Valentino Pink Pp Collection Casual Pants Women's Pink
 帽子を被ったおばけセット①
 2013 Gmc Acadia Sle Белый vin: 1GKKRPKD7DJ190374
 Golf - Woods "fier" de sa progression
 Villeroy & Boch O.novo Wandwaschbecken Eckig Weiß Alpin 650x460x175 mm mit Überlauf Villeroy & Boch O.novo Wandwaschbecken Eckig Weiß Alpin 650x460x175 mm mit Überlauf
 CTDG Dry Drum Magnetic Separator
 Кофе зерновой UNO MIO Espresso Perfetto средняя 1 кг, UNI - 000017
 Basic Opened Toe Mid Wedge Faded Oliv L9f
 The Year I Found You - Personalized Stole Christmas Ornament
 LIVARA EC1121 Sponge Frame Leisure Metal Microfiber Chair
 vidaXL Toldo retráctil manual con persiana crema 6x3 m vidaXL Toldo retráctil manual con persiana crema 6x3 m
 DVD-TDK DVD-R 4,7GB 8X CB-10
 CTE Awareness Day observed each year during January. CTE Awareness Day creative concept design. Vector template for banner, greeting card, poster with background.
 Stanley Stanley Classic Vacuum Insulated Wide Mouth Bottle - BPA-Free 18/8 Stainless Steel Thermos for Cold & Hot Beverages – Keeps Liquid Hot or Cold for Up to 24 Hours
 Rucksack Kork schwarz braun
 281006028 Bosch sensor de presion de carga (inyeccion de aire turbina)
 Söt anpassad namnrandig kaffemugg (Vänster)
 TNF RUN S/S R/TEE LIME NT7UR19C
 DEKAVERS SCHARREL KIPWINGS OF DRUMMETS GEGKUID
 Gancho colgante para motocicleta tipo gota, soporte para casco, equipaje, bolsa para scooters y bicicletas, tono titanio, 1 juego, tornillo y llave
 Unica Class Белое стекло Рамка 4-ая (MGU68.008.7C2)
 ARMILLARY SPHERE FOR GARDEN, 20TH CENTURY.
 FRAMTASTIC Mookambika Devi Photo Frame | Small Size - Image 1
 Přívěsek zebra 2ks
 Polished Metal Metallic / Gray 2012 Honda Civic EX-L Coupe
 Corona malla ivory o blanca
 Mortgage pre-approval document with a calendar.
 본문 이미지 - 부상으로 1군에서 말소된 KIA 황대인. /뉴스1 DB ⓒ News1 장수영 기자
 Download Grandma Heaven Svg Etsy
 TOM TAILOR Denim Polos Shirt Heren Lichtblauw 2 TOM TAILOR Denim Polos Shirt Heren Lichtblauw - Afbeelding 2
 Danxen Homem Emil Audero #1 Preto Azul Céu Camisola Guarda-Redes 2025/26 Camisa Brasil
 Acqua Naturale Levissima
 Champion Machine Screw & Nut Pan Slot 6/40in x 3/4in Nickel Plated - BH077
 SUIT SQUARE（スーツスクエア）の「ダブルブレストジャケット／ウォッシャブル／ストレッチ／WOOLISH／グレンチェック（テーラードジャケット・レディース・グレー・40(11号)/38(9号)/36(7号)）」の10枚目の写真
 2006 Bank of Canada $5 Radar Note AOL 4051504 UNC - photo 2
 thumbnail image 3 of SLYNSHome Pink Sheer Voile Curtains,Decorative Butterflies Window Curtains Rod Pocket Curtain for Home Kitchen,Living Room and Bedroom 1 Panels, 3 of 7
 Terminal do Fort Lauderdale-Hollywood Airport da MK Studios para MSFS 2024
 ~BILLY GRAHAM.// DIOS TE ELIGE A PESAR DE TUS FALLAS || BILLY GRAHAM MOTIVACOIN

* * *

_DIRECTIONS_
Using the entries shown above, reproduce verbatim the lines from the line bearing "The Year I Found" to the line bearing "TOM TAILOR Denim Polos Shirt Heren Lichtblauw 2", inclusive.

_COMPLETED EXERCISE_
 The Year I Found You - Personalized Stole Christmas Ornament
 LIVARA EC1121 Sponge Frame Leisure Metal Microfiber Chair
 vidaXL Toldo retráctil manual con persiana crema 6x3 m vidaXL Toldo retráctil manual con persiana crema 6x3 m
 DVD-TDK DVD-R 4,7GB 8X CB-10
 CTE Awareness Day observed each year during January. CTE Awareness Day creative concept design. Vector template for banner, greeting card, poster with background.
 Stanley Stanley Classic Vacuum Insulated Wide Mouth Bottle - BPA-Free 18/8 Stainless Steel Thermos for Cold & Hot Beverages – Keeps Liquid Hot or Cold for Up to 24 Hours
 Rucksack Kork schwarz braun
 281006028 Bosch sensor de presion de carga (inyeccion de aire turbina)
 Söt anpassad namnrandig kaffemugg (Vänster)
 TNF RUN S/S R/TEE LIME NT7UR19C
 DEKAVERS SCHARREL KIPWINGS OF DRUMMETS GEGKUID
 Gancho colgante para motocicleta tipo gota, soporte para casco, equipaje, bolsa para scooters y bicicletas, tono titanio, 1 juego, tornillo y llave
 Unica Class Белое стекло Рамка 4-ая (MGU68.008.7C2)
 ARMILLARY SPHERE FOR GARDEN, 20TH CENTURY.
 FRAMTASTIC Mookambika Devi Photo Frame | Small Size - Image 1
 Přívěsek zebra 2ks
 Polished Metal Metallic / Gray 2012 Honda Civic EX-L Coupe
 Corona malla ivory o blanca
 Mortgage pre-approval document with a calendar.
 본문 이미지 - 부상으로 1군에서 말소된 KIA 황대인. /뉴스1 DB ⓒ News1 장수영 기자
 Download Grandma Heaven Svg Etsy
 TOM TAILOR Denim Polos Shirt Heren Lichtblauw 2 TOM TAILOR Denim Polos Shirt Heren Lichtblauw - Afbeelding 2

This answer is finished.